Lacking a constant figure to whom she could attach herself, Lily fails to develop a viable core to her personality. Incessantly she seeks out mirrors to check on the continuity of her existence. Wharton's extreme closeness to her father may have retarded her sexual development, but Lily's deprivation of paternal contact seems to have left her incapable of attaining sexual maturity.

What raises Lily above her grasping mother is that her father's fondness for poetry inspires an artistic purpose that dilutes the family's crass mercantile objectives. Although Lily adopts her mother's values, she elevates them with a saving poetic sensibility, so that wealth becomes a means to enjoyment of beauty rather than mere materialism.
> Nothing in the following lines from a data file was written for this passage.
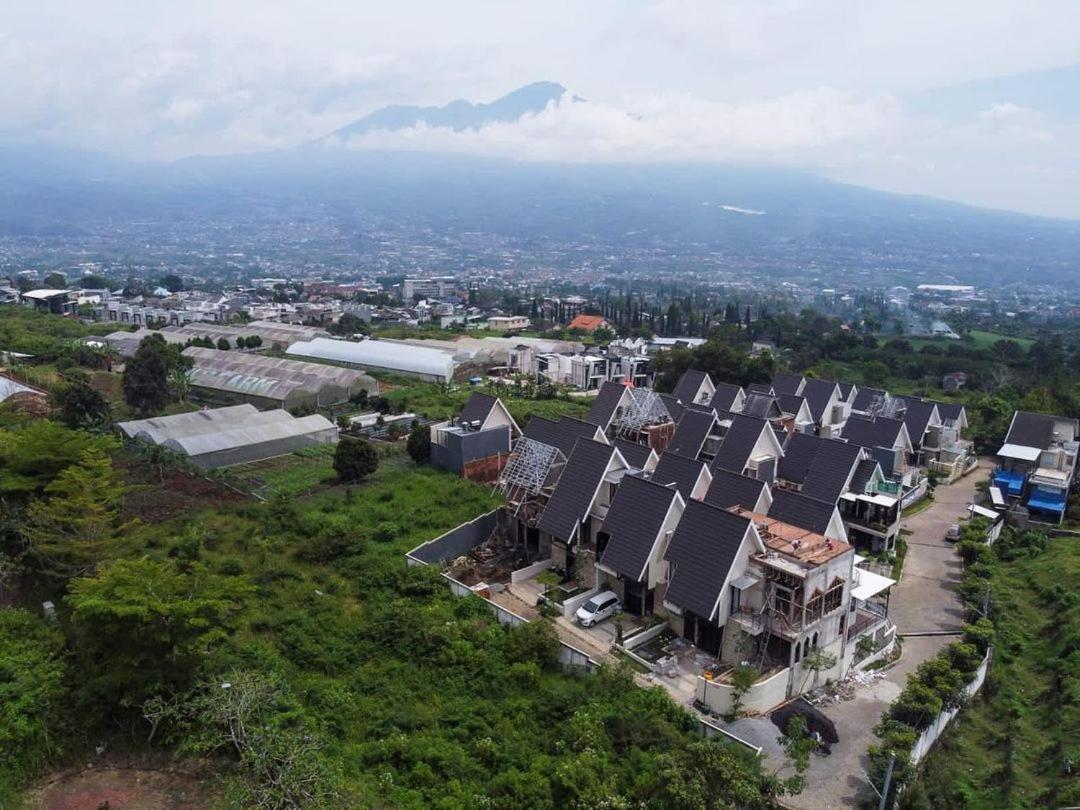 Villa Pak Joni Pasuruan Bagian luar foto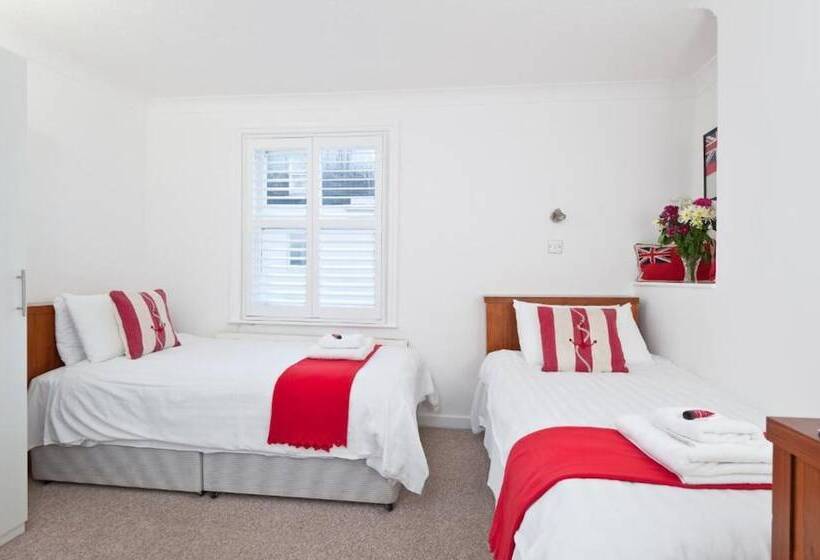 Номер Стандарт Трехместный, Hamptons Brighton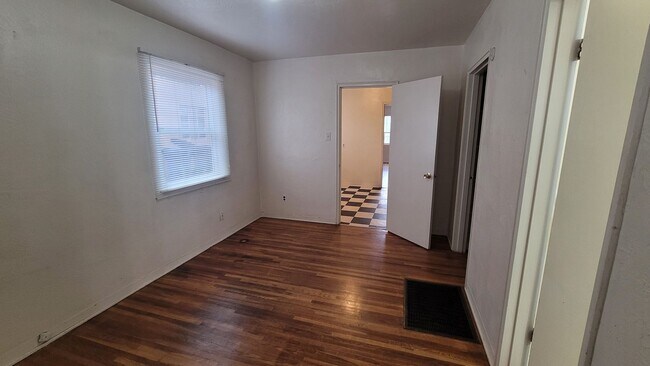 Building Photo - Wilmoore Drive SE-1101 &amp; 1103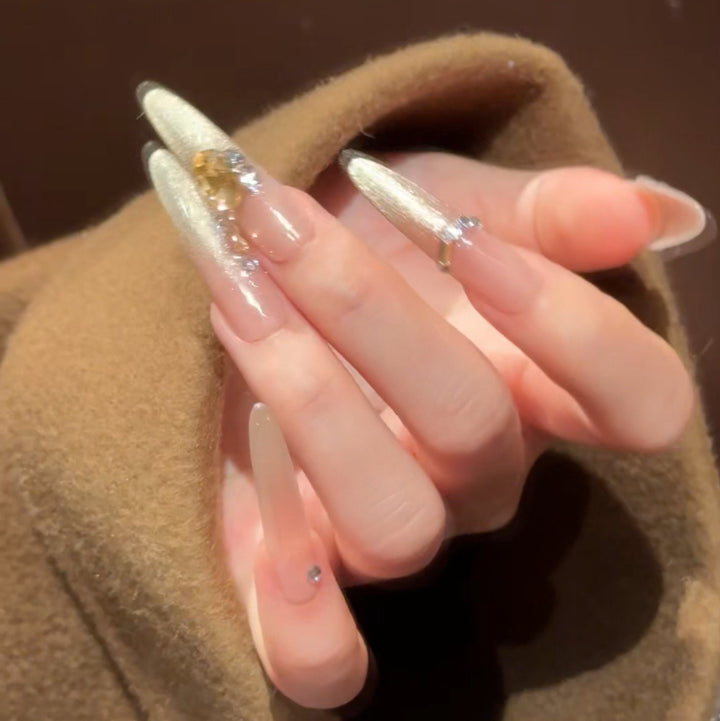 Stylish Stiletto Press-On Nail Extensions Bowlift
She had "a vein of sentiment, perhaps transmitted from this source, which gave an idealizing touch to her most prosaic purposes . . . She would not have cared to marry a man who was merely rich; she was secretly ashamed of her mother's crude passion for money" (54–55).

Lily's father-derived artistry is never developed by education or training. She can envision no material external to herself on which to exercise her innate artistry. With her own time-bound flesh as her only medium of expression, her matrimonial project requires youth and beauty. At the opening of The House of Mirth, Lily is almost thirty years old, has been too long on the marriage market, and has insufficient income to keep up her wardrobe. She recognizes that the commodity that she has become even to herself could grow stale on the shelf. She would then be unable to attract the wealthy husband whose function would be to sustain her self-image.[6]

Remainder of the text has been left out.